Pictures do not belong in the copy, so please give every entry below again exactly.

___ Data to examine ___

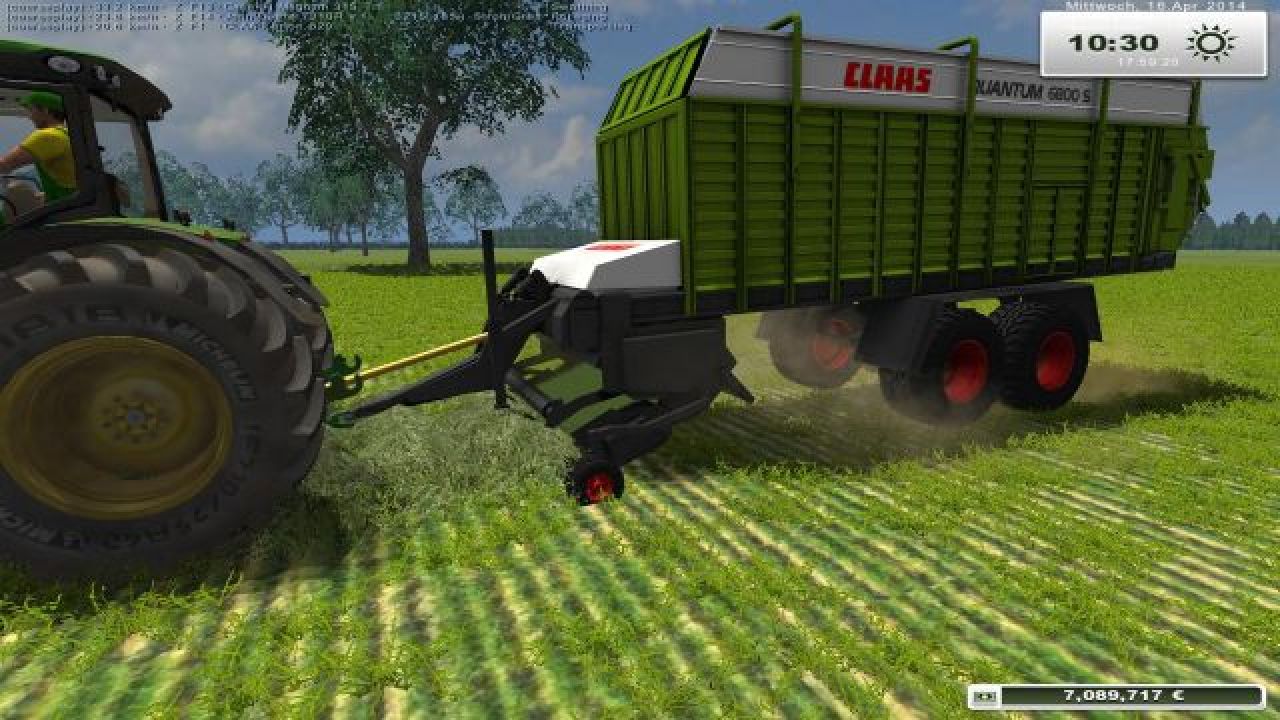 Claas Quantum 6800S v3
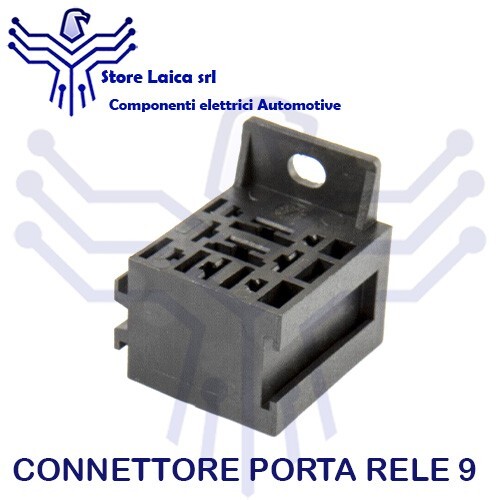 Connettore porta rele vie - connettore, 9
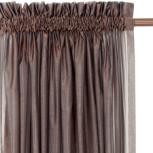 AMBIANCE COCOA CURTAIN PANEL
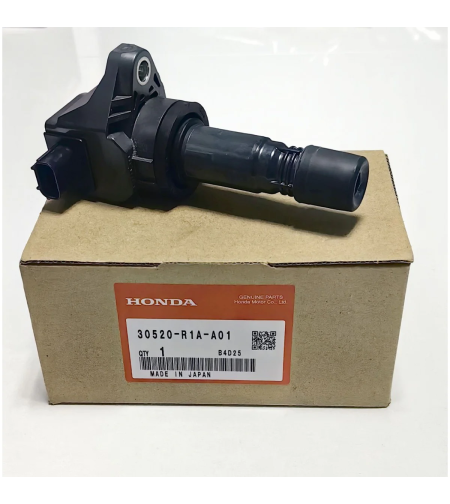 Запалителна бобина ХОНДА ЦРВ 4 СИВИК HONDA CR-V 4 CIVIC 30520R1AA01 30520-R1A-A01 OEM HONDA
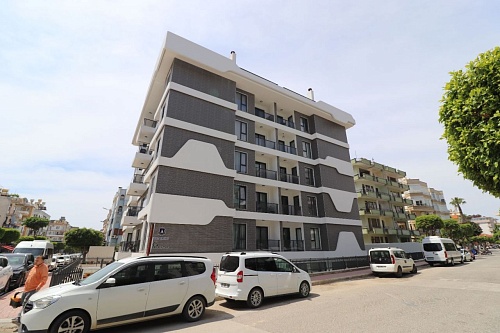 Квартира в Алании, Турция, 38 м2 фото 1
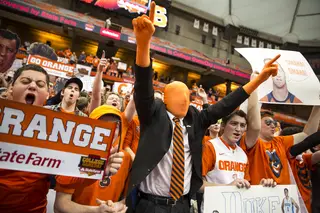 ESPN College GameDay visited Syracuse for the first time since 2001 on Friday, and SU fans were rowdy from start to finish. 
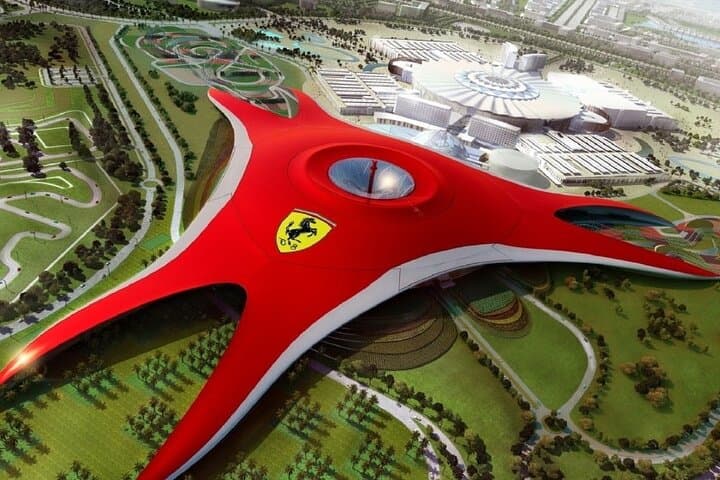 Yas Island 2-Day Parks Combo: Ferrari World, Yas Waterworld & Warner Bros (Abu Dhabi) photo 2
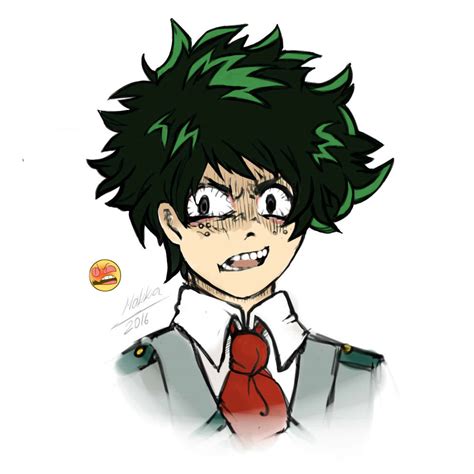 Everything will come to my head! — it’s fun, Deku angry-mode XD request ...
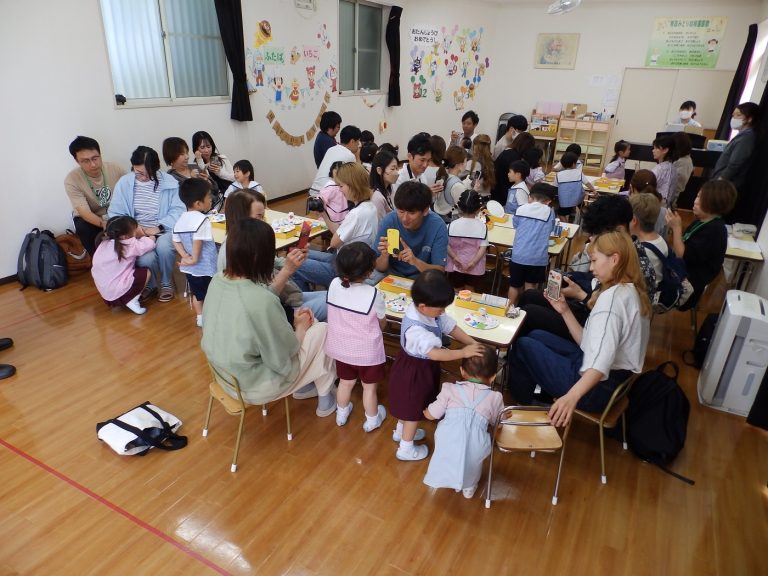 保育参観　㉔　さくら組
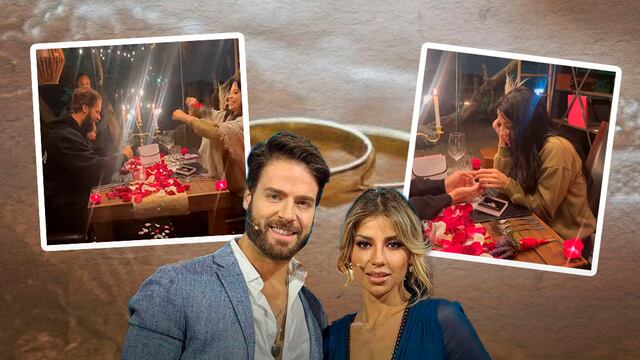 Ferka y Jorge Losa se comprometieron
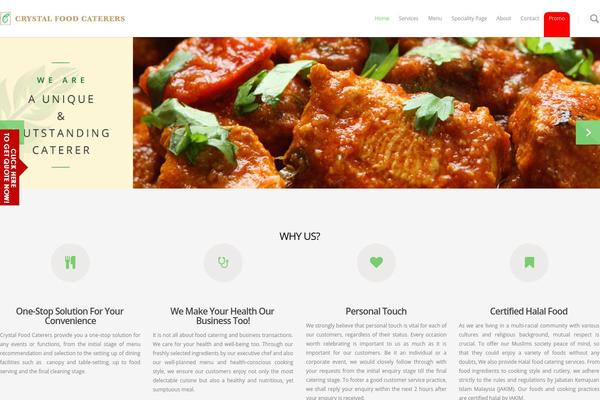 Site using Advanced post slider plugin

___

Result of the task =
 Claas Quantum 6800S v3
 Connettore porta rele vie - connettore, 9
 AMBIANCE COCOA CURTAIN PANEL
 Запалителна бобина ХОНДА ЦРВ 4 СИВИК HONDA CR-V 4 CIVIC 30520R1AA01 30520-R1A-A01 OEM HONDA
 Квартира в Алании, Турция, 38 м2 фото 1
 ESPN College GameDay visited Syracuse for the first time since 2001 on Friday, and SU fans were rowdy from start to finish. 
 Yas Island 2-Day Parks Combo: Ferrari World, Yas Waterworld & Warner Bros (Abu Dhabi) photo 2
 Everything will come to my head! — it’s fun, Deku angry-mode XD request ...
 保育参観　㉔　さくら組
 Ferka y Jorge Losa se comprometieron
 Site using Advanced post slider plugin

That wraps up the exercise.